▶ [What is being asked]
Give back all of the data unchanged. Keep every word as it is.

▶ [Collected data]
::::
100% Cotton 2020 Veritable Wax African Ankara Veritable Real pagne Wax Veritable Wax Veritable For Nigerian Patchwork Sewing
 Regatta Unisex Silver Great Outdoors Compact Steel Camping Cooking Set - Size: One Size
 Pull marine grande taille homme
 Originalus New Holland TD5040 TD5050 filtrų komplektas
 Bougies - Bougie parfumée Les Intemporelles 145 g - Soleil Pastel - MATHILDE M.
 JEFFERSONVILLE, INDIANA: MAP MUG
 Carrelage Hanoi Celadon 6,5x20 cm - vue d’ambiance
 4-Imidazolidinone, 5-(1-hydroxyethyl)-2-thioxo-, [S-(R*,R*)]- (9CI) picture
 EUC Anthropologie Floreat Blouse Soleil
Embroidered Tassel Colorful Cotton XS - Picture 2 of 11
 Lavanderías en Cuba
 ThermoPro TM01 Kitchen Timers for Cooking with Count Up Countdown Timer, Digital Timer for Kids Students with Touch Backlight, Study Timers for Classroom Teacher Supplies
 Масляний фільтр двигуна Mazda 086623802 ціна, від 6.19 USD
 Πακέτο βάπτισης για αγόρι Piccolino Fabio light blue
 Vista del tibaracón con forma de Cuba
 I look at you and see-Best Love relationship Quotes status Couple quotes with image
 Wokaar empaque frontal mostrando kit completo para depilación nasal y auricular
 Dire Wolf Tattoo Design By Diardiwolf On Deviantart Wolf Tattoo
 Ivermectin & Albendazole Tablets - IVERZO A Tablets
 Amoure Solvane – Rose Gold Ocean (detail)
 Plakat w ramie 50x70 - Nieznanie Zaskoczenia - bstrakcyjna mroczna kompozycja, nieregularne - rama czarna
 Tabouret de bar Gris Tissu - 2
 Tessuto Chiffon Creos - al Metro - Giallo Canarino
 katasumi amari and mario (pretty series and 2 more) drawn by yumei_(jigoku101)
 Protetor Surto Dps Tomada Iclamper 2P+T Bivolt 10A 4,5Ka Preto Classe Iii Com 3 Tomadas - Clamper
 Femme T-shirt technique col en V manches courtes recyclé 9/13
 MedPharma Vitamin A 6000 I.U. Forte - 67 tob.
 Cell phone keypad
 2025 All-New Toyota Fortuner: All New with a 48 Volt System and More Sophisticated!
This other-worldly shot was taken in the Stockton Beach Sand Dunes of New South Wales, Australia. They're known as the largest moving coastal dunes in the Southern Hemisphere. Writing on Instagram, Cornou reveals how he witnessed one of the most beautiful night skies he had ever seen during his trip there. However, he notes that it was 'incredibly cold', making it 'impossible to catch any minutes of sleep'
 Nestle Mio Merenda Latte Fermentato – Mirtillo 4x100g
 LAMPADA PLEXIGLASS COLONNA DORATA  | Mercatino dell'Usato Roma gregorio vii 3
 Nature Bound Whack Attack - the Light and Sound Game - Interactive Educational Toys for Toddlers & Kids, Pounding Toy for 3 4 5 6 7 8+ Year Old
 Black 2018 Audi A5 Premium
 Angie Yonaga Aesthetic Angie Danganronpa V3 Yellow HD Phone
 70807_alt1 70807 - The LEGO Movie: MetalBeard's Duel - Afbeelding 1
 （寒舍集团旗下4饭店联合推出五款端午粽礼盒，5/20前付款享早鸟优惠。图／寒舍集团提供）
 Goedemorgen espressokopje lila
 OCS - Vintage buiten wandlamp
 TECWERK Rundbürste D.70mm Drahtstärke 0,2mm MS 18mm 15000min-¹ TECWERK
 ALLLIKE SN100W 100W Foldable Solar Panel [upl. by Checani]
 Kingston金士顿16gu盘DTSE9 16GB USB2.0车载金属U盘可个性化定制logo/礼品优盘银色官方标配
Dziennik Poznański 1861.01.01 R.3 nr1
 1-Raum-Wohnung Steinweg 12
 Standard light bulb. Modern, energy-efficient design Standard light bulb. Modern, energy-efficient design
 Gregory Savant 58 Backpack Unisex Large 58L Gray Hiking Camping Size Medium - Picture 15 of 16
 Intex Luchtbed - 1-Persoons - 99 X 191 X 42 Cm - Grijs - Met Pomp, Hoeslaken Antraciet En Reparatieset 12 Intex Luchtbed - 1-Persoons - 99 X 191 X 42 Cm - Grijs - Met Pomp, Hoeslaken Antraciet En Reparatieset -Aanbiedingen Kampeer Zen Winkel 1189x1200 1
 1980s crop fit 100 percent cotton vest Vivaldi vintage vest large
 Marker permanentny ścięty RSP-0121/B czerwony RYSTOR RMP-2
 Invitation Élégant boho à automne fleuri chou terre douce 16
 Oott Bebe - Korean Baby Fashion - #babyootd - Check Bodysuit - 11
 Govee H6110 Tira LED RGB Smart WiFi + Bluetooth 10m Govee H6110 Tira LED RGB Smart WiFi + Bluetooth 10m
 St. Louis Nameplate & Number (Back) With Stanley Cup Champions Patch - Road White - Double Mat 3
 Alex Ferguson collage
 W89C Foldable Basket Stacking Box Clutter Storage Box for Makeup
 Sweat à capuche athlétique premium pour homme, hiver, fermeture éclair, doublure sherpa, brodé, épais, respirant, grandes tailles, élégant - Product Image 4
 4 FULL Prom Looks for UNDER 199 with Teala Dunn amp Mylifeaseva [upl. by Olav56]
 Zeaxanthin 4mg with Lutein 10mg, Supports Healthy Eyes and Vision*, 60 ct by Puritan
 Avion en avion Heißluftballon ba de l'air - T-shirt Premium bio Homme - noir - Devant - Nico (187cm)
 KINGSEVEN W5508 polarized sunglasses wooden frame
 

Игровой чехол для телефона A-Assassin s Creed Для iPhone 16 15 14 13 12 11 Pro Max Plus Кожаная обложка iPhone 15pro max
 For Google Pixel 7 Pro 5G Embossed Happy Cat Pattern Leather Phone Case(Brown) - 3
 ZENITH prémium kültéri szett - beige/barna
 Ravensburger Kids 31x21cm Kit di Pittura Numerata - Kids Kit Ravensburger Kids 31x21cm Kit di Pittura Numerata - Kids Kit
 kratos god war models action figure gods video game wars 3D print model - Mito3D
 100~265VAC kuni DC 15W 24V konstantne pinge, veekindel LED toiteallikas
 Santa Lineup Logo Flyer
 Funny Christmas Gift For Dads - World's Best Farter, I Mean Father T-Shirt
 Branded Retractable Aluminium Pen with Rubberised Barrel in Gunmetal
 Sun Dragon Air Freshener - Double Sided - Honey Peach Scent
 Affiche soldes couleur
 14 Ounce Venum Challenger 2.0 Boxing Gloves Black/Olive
::::
▶ [Solution to the exercise]
100% Cotton 2020 Veritable Wax African Ankara Veritable Real pagne Wax Veritable Wax Veritable For Nigerian Patchwork Sewing
 Regatta Unisex Silver Great Outdoors Compact Steel Camping Cooking Set - Size: One Size
 Pull marine grande taille homme
 Originalus New Holland TD5040 TD5050 filtrų komplektas
 Bougies - Bougie parfumée Les Intemporelles 145 g - Soleil Pastel - MATHILDE M.
 JEFFERSONVILLE, INDIANA: MAP MUG
 Carrelage Hanoi Celadon 6,5x20 cm - vue d’ambiance
 4-Imidazolidinone, 5-(1-hydroxyethyl)-2-thioxo-, [S-(R*,R*)]- (9CI) picture
 EUC Anthropologie Floreat Blouse Soleil
Embroidered Tassel Colorful Cotton XS - Picture 2 of 11
 Lavanderías en Cuba
 ThermoPro TM01 Kitchen Timers for Cooking with Count Up Countdown Timer, Digital Timer for Kids Students with Touch Backlight, Study Timers for Classroom Teacher Supplies
 Масляний фільтр двигуна Mazda 086623802 ціна, від 6.19 USD
 Πακέτο βάπτισης για αγόρι Piccolino Fabio light blue
 Vista del tibaracón con forma de Cuba
 I look at you and see-Best Love relationship Quotes status Couple quotes with image
 Wokaar empaque frontal mostrando kit completo para depilación nasal y auricular
 Dire Wolf Tattoo Design By Diardiwolf On Deviantart Wolf Tattoo
 Ivermectin & Albendazole Tablets - IVERZO A Tablets
 Amoure Solvane – Rose Gold Ocean (detail)
 Plakat w ramie 50x70 - Nieznanie Zaskoczenia - bstrakcyjna mroczna kompozycja, nieregularne - rama czarna
 Tabouret de bar Gris Tissu - 2
 Tessuto Chiffon Creos - al Metro - Giallo Canarino
 katasumi amari and mario (pretty series and 2 more) drawn by yumei_(jigoku101)
 Protetor Surto Dps Tomada Iclamper 2P+T Bivolt 10A 4,5Ka Preto Classe Iii Com 3 Tomadas - Clamper
 Femme T-shirt technique col en V manches courtes recyclé 9/13
 MedPharma Vitamin A 6000 I.U. Forte - 67 tob.
 Cell phone keypad
 2025 All-New Toyota Fortuner: All New with a 48 Volt System and More Sophisticated!
This other-worldly shot was taken in the Stockton Beach Sand Dunes of New South Wales, Australia. They're known as the largest moving coastal dunes in the Southern Hemisphere. Writing on Instagram, Cornou reveals how he witnessed one of the most beautiful night skies he had ever seen during his trip there. However, he notes that it was 'incredibly cold', making it 'impossible to catch any minutes of sleep'
 Nestle Mio Merenda Latte Fermentato – Mirtillo 4x100g
 LAMPADA PLEXIGLASS COLONNA DORATA  | Mercatino dell'Usato Roma gregorio vii 3
 Nature Bound Whack Attack - the Light and Sound Game - Interactive Educational Toys for Toddlers & Kids, Pounding Toy for 3 4 5 6 7 8+ Year Old
 Black 2018 Audi A5 Premium
 Angie Yonaga Aesthetic Angie Danganronpa V3 Yellow HD Phone
 70807_alt1 70807 - The LEGO Movie: MetalBeard's Duel - Afbeelding 1
 （寒舍集团旗下4饭店联合推出五款端午粽礼盒，5/20前付款享早鸟优惠。图／寒舍集团提供）
 Goedemorgen espressokopje lila
 OCS - Vintage buiten wandlamp
 TECWERK Rundbürste D.70mm Drahtstärke 0,2mm MS 18mm 15000min-¹ TECWERK
 ALLLIKE SN100W 100W Foldable Solar Panel [upl. by Checani]
 Kingston金士顿16gu盘DTSE9 16GB USB2.0车载金属U盘可个性化定制logo/礼品优盘银色官方标配
Dziennik Poznański 1861.01.01 R.3 nr1
 1-Raum-Wohnung Steinweg 12
 Standard light bulb. Modern, energy-efficient design Standard light bulb. Modern, energy-efficient design
 Gregory Savant 58 Backpack Unisex Large 58L Gray Hiking Camping Size Medium - Picture 15 of 16
 Intex Luchtbed - 1-Persoons - 99 X 191 X 42 Cm - Grijs - Met Pomp, Hoeslaken Antraciet En Reparatieset 12 Intex Luchtbed - 1-Persoons - 99 X 191 X 42 Cm - Grijs - Met Pomp, Hoeslaken Antraciet En Reparatieset -Aanbiedingen Kampeer Zen Winkel 1189x1200 1
 1980s crop fit 100 percent cotton vest Vivaldi vintage vest large
 Marker permanentny ścięty RSP-0121/B czerwony RYSTOR RMP-2
 Invitation Élégant boho à automne fleuri chou terre douce 16
 Oott Bebe - Korean Baby Fashion - #babyootd - Check Bodysuit - 11
 Govee H6110 Tira LED RGB Smart WiFi + Bluetooth 10m Govee H6110 Tira LED RGB Smart WiFi + Bluetooth 10m
 St. Louis Nameplate & Number (Back) With Stanley Cup Champions Patch - Road White - Double Mat 3
 Alex Ferguson collage
 W89C Foldable Basket Stacking Box Clutter Storage Box for Makeup
 Sweat à capuche athlétique premium pour homme, hiver, fermeture éclair, doublure sherpa, brodé, épais, respirant, grandes tailles, élégant - Product Image 4
 4 FULL Prom Looks for UNDER 199 with Teala Dunn amp Mylifeaseva [upl. by Olav56]
 Zeaxanthin 4mg with Lutein 10mg, Supports Healthy Eyes and Vision*, 60 ct by Puritan
 Avion en avion Heißluftballon ba de l'air - T-shirt Premium bio Homme - noir - Devant - Nico (187cm)
 KINGSEVEN W5508 polarized sunglasses wooden frame
 

Игровой чехол для телефона A-Assassin s Creed Для iPhone 16 15 14 13 12 11 Pro Max Plus Кожаная обложка iPhone 15pro max
 For Google Pixel 7 Pro 5G Embossed Happy Cat Pattern Leather Phone Case(Brown) - 3
 ZENITH prémium kültéri szett - beige/barna
 Ravensburger Kids 31x21cm Kit di Pittura Numerata - Kids Kit Ravensburger Kids 31x21cm Kit di Pittura Numerata - Kids Kit
 kratos god war models action figure gods video game wars 3D print model - Mito3D
 100~265VAC kuni DC 15W 24V konstantne pinge, veekindel LED toiteallikas
 Santa Lineup Logo Flyer
 Funny Christmas Gift For Dads - World's Best Farter, I Mean Father T-Shirt
 Branded Retractable Aluminium Pen with Rubberised Barrel in Gunmetal
 Sun Dragon Air Freshener - Double Sided - Honey Peach Scent
 Affiche soldes couleur
 14 Ounce Venum Challenger 2.0 Boxing Gloves Black/Olive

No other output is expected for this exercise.